Confidence Numbers in Science Journalism

by Robin Hanson

There are a number of controversies in science journalism that surround various divergences between the confidence that journalists may/should have in a reported result and the recommended confidence readers may infer from press coverage. Coverage of breast implants, the mars rocks, cold fusion, global warming, ALAR on apples, and cloning have highlighted such issues.

Some stories, such as the "orgasm pill", are considered "too good to check". Should one run a story before it has been peer reviewed? Or is any such selectivity censorship? Should journals refuse to publish articles that have already been discussed in the media? When most experts that journalists contact are on one side of an issue, and yet most of the coverage is on the dissenters, does that distort things?

Journalists often throw up their hands and paint these situations as forums where it is important that all political sides get heard, where the new and unusual view is the real "news", and as tradeoffs between the simple fast answers the public wants and the complexity and caution of experts and the trouble it takes to learn and describe all that context and uncertainty.

However, it seems to me that in such situations the public could get a simple fast answer that also acknowledges uncertainties, avoids the biases described above, and yet requires little more effort from journalists.
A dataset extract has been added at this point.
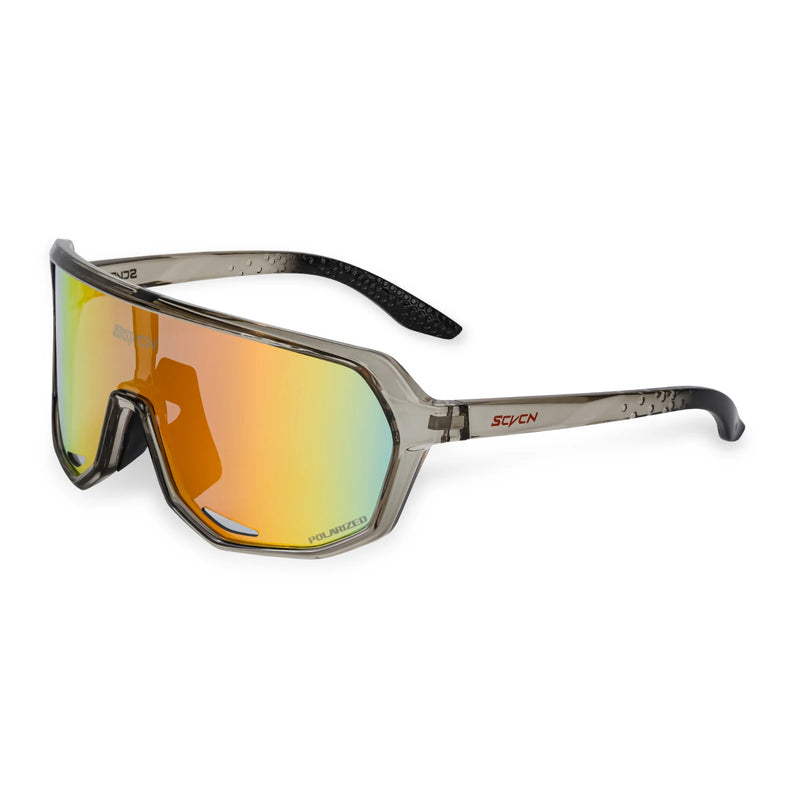 Lunettes de Soleil pour le Sport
All the journalists need to do is to give a numerical estimate of the confidence they have that the result will hold up under further scrutiny. They could, for example, pass on to their readers an exciting but questionable story like the orgasm pill, ALAR, cold fusion, etc., but say that they think there's less than a 10% chance that it will hold up.

If the scientific community found that these estimates were on the whole reasonable, they needn't try to prohibit press coverage before publication in an attempt to correct for perceived biases. And people who thought that a certain sources was systematically unreasonable could look at the track record of these numbers. Media companies who feared such auditing could do internal auditing of their own reporters, compare their performance to their competitors, and brag when they do better.

This approach clearly allows uncertainty to be acknowledged and other biases to be corrected for without burdening readers with more context. And it needn't take much more work for reporters because, by the time a reporter writes such a story, reporters have already long formed and repeatedly updated an opinion of what they think the chances are. They used this opinion, for example, in selecting people to interview and to quote and in deciding how hard to push for this story. They just have to learn how to write down a number.

I have in the past heard people propose that pundits and experts who make claims to the media, or which are quoted in the media, aught to give such numerical estimates of confidence. But while this isn't an unreasonable thing for them to do, I think this proposal focuses on the wrong players.

The weakest tie is not between reporters and experts but between readers and reporters. The media-public relation also has the most repeated interaction and brand names, both of which strengthen the prospects for improvements from numerical estimate reputations. Reporters tend to form strong judgements about which pundits and experts they trust, and yet don't have that much repeated interaction with any one expert.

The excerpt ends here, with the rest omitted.